Below are lines of data, and only some are wanted. Please repeat exactly those from the line that has "Gambar 3 BEST" through the line that has "More Photos Of".

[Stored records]
■ ■ ■ ■

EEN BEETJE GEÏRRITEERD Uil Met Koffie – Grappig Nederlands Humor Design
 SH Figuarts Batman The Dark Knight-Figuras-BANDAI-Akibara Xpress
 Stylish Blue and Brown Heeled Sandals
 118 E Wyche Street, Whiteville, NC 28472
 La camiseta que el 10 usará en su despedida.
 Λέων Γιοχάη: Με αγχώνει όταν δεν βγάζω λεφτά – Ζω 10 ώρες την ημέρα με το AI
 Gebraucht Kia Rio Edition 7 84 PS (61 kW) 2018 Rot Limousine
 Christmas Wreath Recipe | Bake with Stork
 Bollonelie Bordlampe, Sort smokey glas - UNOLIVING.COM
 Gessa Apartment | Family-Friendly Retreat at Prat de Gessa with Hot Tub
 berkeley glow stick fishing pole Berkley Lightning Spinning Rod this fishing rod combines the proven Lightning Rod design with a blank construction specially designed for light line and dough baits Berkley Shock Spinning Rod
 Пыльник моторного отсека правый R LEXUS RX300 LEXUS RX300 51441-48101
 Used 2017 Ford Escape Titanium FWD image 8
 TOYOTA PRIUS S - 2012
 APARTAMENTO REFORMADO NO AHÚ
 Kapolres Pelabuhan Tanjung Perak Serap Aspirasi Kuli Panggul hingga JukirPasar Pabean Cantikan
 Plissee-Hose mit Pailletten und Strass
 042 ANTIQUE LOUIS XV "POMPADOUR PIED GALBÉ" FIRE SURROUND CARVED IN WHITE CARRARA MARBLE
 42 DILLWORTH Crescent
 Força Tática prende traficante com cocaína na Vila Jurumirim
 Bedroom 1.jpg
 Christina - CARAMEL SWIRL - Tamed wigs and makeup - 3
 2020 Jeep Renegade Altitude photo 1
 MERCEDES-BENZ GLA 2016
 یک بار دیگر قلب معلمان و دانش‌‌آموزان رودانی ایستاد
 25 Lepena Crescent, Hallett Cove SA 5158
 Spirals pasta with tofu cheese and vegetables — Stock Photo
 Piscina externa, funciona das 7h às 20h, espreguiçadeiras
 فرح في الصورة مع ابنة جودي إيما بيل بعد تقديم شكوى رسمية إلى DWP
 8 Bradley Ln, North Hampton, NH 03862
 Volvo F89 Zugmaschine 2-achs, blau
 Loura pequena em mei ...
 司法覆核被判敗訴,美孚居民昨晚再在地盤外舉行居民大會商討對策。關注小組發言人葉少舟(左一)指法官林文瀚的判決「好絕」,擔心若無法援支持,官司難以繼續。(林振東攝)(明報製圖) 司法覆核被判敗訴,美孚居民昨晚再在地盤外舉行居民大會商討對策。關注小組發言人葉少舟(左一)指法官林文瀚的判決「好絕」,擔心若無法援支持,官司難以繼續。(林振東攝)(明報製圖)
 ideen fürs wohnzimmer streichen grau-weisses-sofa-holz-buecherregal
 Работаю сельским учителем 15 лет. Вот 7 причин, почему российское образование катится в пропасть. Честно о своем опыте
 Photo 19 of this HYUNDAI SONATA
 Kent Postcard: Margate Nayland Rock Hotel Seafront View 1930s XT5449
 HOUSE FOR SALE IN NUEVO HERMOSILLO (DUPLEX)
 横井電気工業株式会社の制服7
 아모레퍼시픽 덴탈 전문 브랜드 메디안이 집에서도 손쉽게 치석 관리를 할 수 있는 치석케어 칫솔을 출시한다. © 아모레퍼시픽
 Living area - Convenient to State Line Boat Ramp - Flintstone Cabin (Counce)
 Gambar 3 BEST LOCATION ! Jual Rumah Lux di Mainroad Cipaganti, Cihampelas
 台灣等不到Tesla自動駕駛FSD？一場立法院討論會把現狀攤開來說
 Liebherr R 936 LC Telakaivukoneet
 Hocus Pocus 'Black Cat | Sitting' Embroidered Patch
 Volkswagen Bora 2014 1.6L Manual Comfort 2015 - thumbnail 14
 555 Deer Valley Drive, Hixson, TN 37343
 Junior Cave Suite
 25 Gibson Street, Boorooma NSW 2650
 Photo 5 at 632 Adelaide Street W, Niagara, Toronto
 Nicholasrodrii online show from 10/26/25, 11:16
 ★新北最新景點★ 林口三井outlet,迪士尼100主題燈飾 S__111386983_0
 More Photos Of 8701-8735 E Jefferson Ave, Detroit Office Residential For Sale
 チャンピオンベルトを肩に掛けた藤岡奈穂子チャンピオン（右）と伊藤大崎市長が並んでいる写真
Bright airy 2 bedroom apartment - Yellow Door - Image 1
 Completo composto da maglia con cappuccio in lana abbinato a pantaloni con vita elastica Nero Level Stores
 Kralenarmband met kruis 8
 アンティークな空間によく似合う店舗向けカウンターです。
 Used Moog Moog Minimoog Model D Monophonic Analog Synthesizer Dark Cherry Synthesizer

■ ■ ■ ■

Answer space
 Gambar 3 BEST LOCATION ! Jual Rumah Lux di Mainroad Cipaganti, Cihampelas
 台灣等不到Tesla自動駕駛FSD？一場立法院討論會把現狀攤開來說
 Liebherr R 936 LC Telakaivukoneet
 Hocus Pocus 'Black Cat | Sitting' Embroidered Patch
 Volkswagen Bora 2014 1.6L Manual Comfort 2015 - thumbnail 14
 555 Deer Valley Drive, Hixson, TN 37343
 Junior Cave Suite
 25 Gibson Street, Boorooma NSW 2650
 Photo 5 at 632 Adelaide Street W, Niagara, Toronto
 Nicholasrodrii online show from 10/26/25, 11:16
 ★新北最新景點★ 林口三井outlet,迪士尼100主題燈飾 S__111386983_0
 More Photos Of 8701-8735 E Jefferson Ave, Detroit Office Residential For Sale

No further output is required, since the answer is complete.